What are the goals of ScienceBase modernization? 

The overarching goal is to move ScienceBase into a more flexible, modernized tech stack with less dependence on custom code. The final product will be more sustainable, especially in light of budget and contract fluctuations. We will continue supporting essential data repository functions and are taking steps to facilitate a smooth period of transition between systems.  

The new system will use Globus services for user auth, indexing, file transfer, and access to data storage. A lightweight frontend and API endpoints are being developed using FastAPI, a widely used framework that will provide faster delivery and easier integration with other systems.

Additional opportunities have been identified during this process. For example, we’re planning to unify two search and discovery catalogs and simplify tool integration. The updated system is being designed with a new, shared data model, which interoperates with multiple SDM tools (e.g., AIS, People Picker, and SDC). We’re also taking the opportunity to consolidate our development pipeline.

The new data release workflow will provide an improved user experience for both data authors and the ScienceBase data release team. In 2016, the original data release process leveraged an existing system, so there were adjustments that we had to make to adapt to it. The new process is being developed specifically for USGS data release and the needs of maintaining and managing a data repository.
 

What will the new system look like? 

We’re combining ScienceBase Data Release (SBDR) Tool with the Science Data Catalog (SDC). The result will be one portal for USGS data release search and discovery, the USGS Science Data Portal. It's being built within the SDC website and deployment pipeline.
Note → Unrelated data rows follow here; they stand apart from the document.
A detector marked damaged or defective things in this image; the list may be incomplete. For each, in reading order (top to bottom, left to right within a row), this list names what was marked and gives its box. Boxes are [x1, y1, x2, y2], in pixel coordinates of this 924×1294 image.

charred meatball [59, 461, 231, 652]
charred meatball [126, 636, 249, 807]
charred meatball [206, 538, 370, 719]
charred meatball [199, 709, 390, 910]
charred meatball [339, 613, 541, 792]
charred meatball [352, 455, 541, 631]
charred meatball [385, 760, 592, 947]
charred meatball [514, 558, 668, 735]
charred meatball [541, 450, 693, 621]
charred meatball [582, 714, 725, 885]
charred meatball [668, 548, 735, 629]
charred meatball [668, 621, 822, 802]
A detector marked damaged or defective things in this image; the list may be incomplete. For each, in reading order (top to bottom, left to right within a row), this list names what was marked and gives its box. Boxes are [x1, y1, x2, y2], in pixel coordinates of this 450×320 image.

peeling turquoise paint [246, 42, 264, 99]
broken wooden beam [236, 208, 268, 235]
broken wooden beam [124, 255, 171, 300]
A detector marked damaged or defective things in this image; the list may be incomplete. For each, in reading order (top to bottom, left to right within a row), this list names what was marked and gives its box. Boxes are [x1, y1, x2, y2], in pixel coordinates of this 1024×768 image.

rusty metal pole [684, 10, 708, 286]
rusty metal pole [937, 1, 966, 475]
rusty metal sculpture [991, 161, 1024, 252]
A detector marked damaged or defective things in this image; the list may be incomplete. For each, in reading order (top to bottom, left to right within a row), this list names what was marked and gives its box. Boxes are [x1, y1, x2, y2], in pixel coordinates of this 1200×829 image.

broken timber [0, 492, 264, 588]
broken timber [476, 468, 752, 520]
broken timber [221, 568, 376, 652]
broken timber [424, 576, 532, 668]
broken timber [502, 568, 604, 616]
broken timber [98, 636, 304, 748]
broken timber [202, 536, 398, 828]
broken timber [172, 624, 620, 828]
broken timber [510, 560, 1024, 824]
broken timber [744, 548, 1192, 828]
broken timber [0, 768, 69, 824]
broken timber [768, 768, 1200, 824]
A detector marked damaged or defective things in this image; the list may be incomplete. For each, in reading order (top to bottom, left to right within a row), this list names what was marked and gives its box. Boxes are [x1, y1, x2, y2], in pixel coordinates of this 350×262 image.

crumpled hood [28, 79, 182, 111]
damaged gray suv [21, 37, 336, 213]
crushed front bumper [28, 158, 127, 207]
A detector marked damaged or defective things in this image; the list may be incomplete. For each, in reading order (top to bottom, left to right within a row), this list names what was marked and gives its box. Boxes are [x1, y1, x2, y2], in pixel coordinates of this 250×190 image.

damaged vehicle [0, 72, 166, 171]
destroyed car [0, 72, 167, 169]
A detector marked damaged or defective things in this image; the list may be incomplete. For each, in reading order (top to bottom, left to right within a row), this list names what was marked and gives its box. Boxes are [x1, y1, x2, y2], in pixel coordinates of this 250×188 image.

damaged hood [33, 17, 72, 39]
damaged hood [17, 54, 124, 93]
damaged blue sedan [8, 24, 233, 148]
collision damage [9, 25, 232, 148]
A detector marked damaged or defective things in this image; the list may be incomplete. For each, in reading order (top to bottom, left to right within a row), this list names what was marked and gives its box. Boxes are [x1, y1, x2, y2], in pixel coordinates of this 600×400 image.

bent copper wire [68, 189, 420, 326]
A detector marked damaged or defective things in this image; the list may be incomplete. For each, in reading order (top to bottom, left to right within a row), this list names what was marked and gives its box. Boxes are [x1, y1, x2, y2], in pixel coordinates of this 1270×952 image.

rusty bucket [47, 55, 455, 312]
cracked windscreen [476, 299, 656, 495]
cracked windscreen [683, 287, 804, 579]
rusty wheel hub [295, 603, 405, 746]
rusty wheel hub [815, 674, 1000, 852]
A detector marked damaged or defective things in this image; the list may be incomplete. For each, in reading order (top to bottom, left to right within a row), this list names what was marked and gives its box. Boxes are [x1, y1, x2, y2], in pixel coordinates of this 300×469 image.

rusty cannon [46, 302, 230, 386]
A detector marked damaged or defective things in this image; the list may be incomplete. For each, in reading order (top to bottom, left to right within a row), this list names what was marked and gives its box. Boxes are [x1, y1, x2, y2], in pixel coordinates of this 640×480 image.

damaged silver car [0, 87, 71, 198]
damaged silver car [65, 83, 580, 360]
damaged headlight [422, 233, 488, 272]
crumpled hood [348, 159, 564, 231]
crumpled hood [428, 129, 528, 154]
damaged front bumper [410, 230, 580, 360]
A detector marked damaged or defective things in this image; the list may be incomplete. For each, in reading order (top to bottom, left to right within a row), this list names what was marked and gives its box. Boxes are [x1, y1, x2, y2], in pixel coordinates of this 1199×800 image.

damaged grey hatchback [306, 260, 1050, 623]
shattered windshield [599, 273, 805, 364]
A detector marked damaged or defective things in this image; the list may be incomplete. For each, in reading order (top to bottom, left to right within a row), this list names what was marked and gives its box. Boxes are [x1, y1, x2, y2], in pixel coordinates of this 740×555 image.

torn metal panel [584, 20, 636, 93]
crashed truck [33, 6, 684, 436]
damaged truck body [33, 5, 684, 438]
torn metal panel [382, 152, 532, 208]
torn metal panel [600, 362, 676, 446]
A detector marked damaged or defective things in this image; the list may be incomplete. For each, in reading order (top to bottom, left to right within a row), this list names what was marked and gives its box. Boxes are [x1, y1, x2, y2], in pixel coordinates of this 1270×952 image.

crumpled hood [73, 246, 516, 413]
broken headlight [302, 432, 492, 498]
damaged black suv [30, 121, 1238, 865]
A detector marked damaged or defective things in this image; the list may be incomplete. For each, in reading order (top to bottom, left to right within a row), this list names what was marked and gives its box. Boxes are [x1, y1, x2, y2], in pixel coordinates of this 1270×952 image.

A simple summary: SDC + SBDR = USGS Science Data Portal

Within the combined search index, users will be able to find:

  • Landing pages for SDC metadata records – pointing to repositories external to ScienceBase 
  • Landing pages for ScienceBase data releases – providing access to both data and metadata

This consolidation is enabled by our new, shared data model, which is provisionally released through GitHub. The model was built using Pydantic, a Python library that defines consistent data structures and validation.

Users can expect a more streamlined workflow and simplified user interface. Data authors will be able to log in to the Science Data Portal and create a new data release within the application (in the current workflow, the ScienceBase Data Release Tool and ScienceBase have separate logins). Workflows for the SBDR team will also be more integrated (current workflows depend on external Jupyter Notebooks).

Another benefit of a consolidated search index is that we won’t need a harvest process for ScienceBase data releases, which takes time and can be a challenge to maintain. Data releases will be created within the SDC, so data authors can expect to see their products within the search index immediately upon publication. 
 

How will ScienceBase leverage Globus? 

The goal of partnering with Globus is to integrate products and services that are maintained beyond the USGS. SDM has a cooperative agreement to work with Globus developers and to integrate Globus services into the new data release process.

Globus Transfer is the flagship service offered by Globus. It’s a fast, secure, and reliable way to move large data files and will automatically resume transfers if there are network disruptions. Its integration will facilitate data transfer into and out of the new system, for both data authors and data users.  

We are also using the following Globus services: 

  • Globus Collections for organizing files and providing access to storage systems, including AWS S3 and BlackPearl 

What will stay the same? What will change?  


Staying the same:


The SBDR Team  

We’re still available and will continue to provide the same level of support to data authors and data managers. You can contact us at sciencebase_datarelease@usgs.gov
 

API accessibility 

The new system will have an API, and users will be able to run create, read, update, and delete operations. We also plan to create Python and R packages to support programmatic interactions. These will be analogous to the sciencebasepy and sbtools libraries that are currently used with ScienceBase. Due to changes in the data model, however, existing scripts will need to be updated. 
 

XML metadata parsing 

Data authors will still be able to build their landing pages by uploading XML metadata files and automatically parsing the content. 
 

Revisions 

Users will be able to revise their published data releases. The general revision process will be same as the current one and will allow data authors to comply with all relevant USGS data policies. 
 

Publishing to S3 

There will still be an option to copy data files to S3 and generate URLs for use in programmatic workflows. This option will be analogous to the 'publish to S3' feature currently in ScienceBase. Note: it may not be available in the first version of the system, but will be added in later as an advanced feature. 
 


Changes: 

The data model

SDM has developed a new Pydantic data model for the Science Data Portal application, referred to as the 'horizon' data model. It’s been provisionally released on GitHub (please note there are still ongoing updates).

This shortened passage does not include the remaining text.